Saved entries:
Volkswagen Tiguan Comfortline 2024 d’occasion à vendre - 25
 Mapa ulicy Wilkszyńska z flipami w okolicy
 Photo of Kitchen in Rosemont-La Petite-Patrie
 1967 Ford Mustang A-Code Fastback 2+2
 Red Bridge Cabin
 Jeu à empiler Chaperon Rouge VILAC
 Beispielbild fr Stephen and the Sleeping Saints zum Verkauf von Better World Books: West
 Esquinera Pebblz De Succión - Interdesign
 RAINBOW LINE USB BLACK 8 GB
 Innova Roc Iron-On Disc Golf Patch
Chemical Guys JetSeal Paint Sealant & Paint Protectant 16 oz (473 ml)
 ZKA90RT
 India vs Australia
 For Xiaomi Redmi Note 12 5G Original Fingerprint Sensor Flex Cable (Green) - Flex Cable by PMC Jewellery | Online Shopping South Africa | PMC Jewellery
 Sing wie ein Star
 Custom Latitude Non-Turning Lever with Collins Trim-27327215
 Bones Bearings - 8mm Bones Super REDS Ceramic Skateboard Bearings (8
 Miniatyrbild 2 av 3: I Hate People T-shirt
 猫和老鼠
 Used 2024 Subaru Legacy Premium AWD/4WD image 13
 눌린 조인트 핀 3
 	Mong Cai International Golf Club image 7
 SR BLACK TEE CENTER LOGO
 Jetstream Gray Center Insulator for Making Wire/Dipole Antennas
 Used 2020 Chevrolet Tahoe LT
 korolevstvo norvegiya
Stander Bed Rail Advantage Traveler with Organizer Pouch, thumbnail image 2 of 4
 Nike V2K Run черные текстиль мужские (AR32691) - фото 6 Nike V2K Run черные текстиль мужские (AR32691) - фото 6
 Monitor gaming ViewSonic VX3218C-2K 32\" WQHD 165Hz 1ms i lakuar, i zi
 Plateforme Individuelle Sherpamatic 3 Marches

About this task:
Your answer should be the lines from the one containing "Sing wie ein Star" through the end of the records, both included, output exactly and with nothing added.

Solution to this exercise:
 Sing wie ein Star
 Custom Latitude Non-Turning Lever with Collins Trim-27327215
 Bones Bearings - 8mm Bones Super REDS Ceramic Skateboard Bearings (8
 Miniatyrbild 2 av 3: I Hate People T-shirt
 猫和老鼠
 Used 2024 Subaru Legacy Premium AWD/4WD image 13
 눌린 조인트 핀 3
 	Mong Cai International Golf Club image 7
 SR BLACK TEE CENTER LOGO
 Jetstream Gray Center Insulator for Making Wire/Dipole Antennas
 Used 2020 Chevrolet Tahoe LT
 korolevstvo norvegiya
Stander Bed Rail Advantage Traveler with Organizer Pouch, thumbnail image 2 of 4
 Nike V2K Run черные текстиль мужские (AR32691) - фото 6 Nike V2K Run черные текстиль мужские (AR32691) - фото 6
 Monitor gaming ViewSonic VX3218C-2K 32\" WQHD 165Hz 1ms i lakuar, i zi
 Plateforme Individuelle Sherpamatic 3 Marches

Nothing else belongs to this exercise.